No guessing on state's presidential choice

By Staff
Bob Ingram, Alabama Scene
MONTGOMERY-The conventions are over, the candidates are nominated, and now the race for President is on.
For Alabamians it is a foregone conclusion what their role will be. Our nine electoral votes will go for President George Bush and the election in Alabama is not likely to be a nail-biter. His margin will probably be 15 percentage points or more. A landslide, if you please. Alabama's vote in presidential elections is intriguing. From the 1880s through the 1950s we went overwhelmingly Democratic in presidential elections.
The Republicans had been the party of Lincoln…he and his folks had whipped up on us in the War Between the States. Rather than vote for a Republican, we were wont to say, we would vote for a yellow dog.
But a strange thing happened in 1948. President Harry Truman, seeking re-nomination as a Democrat, urged the party to include a civil rights plank in the party platform. All heck broke loose.

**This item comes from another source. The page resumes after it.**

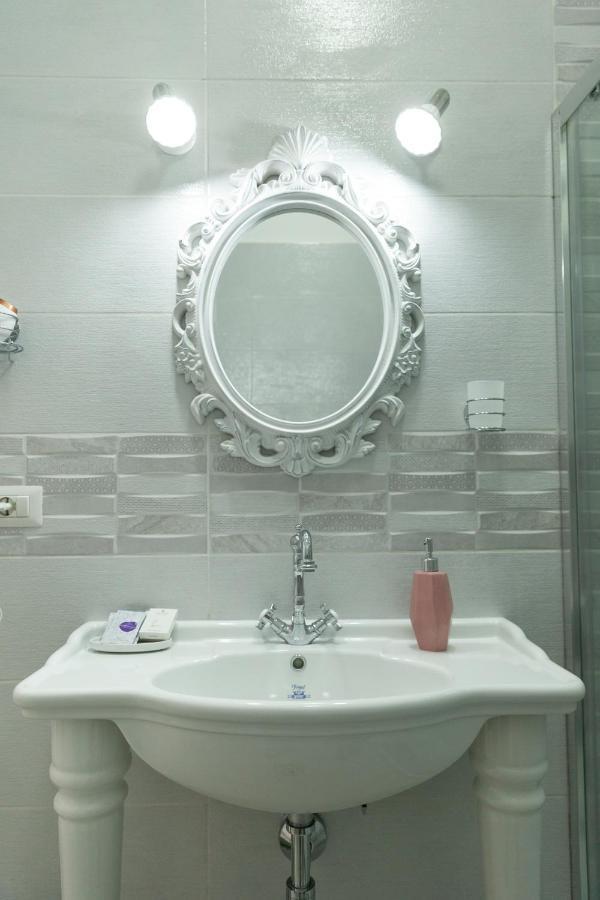 Velia34 Bed & Breakfast Салерно Екстериор снимка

Alabama delegates walked out, other Southern Democrats joined their cause, and it was the beginning of the end of the Democrats as the majority party in the Deep South. The rest is history….the Democrats grimly held on to Alabama in presidential elections through the 1950s…old habits are hard to break… but in 1964…the issue of race at its peak…conservative Republican Barry Goldwater swept Alabama.
Gov. George C. Wallace muddied up the waters in 1968 and carried Alabama as a third party candidate, but only once since has Alabama gone Democratic, We less than enthusiastically voted for next-door-neighbor Jimmy Carter in 1976, but four years later joined in sending him back to Plains.
What will happen nationally this November? I am certainly not qualified to even make a guess. About all I know is what I read in the newspapers and hear on the tube. And I take most of that with a grain or two of salt. In fact, I delight in watching the different spins put on the same story by the various network and cable news shows.
More often than not I wonder if those talking heads saw the same things. Some of them told me all last week that the Republicans didn't help their cause at all at their convention…others said the GOP gathering gave Bush enormous momentum.
What we could very easily have is a race about as close as four years ago when Democrat Al Gore actually polled more popular votes than Bush (51,003,894 to 50,459,211) but Bush won in the Electoral College. An ironic twist to that–the Democrats who howled about unfair that was would be the same Democrats who would howl in protest if an effort was made to constitutionally abolish the Electoral College.
The Electoral College system gives enormous advantage to bloc voting groups–blacks, women activists, gays, et al. In evenly divided states they often decide who gets all of the electoral votes.
Perhaps the most troubling aspect of the '04 campaign to me is the obvious hatred many Democrats have for President Bush. Did you read the signs carried by the protesters outside Madison Square Garden this past week…many of them were pure filth. Can't they just say "No More Bush" or "Vote for Kerry"? Why must the grossest of obscenities appear on their signs.
I can only assume this hatred is traced to what happened in Florida four years ago. They tell themselves that Bush stole the election in Florida and what they seem to forget is that after that debacle ended several major newsgathering groups went to that state and at considerable expense did statewide recounts. In every one of those recounts, Bush got the most votes.
Nobody ever mentions it, but Gore lost the election by failing to carry the state where people know him best–his home state of Tennessee. If he had carried Tennessee then it would have made no difference who won Florida. We would never have heard about hanging chads and perforated ballots.
But enough of that. Let's get on with the show and let's hope that the campaign will be waged on the issues…Iraq, terrorism, the economy…and not be hate-inspired.